EXERCISE DESCRIPTION
Copy out the entries below precisely; nothing is to be omitted.

Short descriptive text snippets
[Start of Attachment]
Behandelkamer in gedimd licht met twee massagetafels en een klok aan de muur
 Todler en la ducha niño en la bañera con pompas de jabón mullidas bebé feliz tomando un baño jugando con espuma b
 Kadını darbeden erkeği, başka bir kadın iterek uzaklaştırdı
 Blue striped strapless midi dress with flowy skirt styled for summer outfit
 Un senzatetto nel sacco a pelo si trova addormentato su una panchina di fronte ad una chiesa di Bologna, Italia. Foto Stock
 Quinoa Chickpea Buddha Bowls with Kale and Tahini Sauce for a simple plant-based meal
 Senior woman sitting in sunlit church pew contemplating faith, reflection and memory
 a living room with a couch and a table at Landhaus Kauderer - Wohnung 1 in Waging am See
[End of Attachment]
RESULT OF THE TASK
Behandelkamer in gedimd licht met twee massagetafels en een klok aan de muur
 Todler en la ducha niño en la bañera con pompas de jabón mullidas bebé feliz tomando un baño jugando con espuma b
 Kadını darbeden erkeği, başka bir kadın iterek uzaklaştırdı
 Blue striped strapless midi dress with flowy skirt styled for summer outfit
 Un senzatetto nel sacco a pelo si trova addormentato su una panchina di fronte ad una chiesa di Bologna, Italia. Foto Stock
 Quinoa Chickpea Buddha Bowls with Kale and Tahini Sauce for a simple plant-based meal
 Senior woman sitting in sunlit church pew contemplating faith, reflection and memory
 a living room with a couch and a table at Landhaus Kauderer - Wohnung 1 in Waging am See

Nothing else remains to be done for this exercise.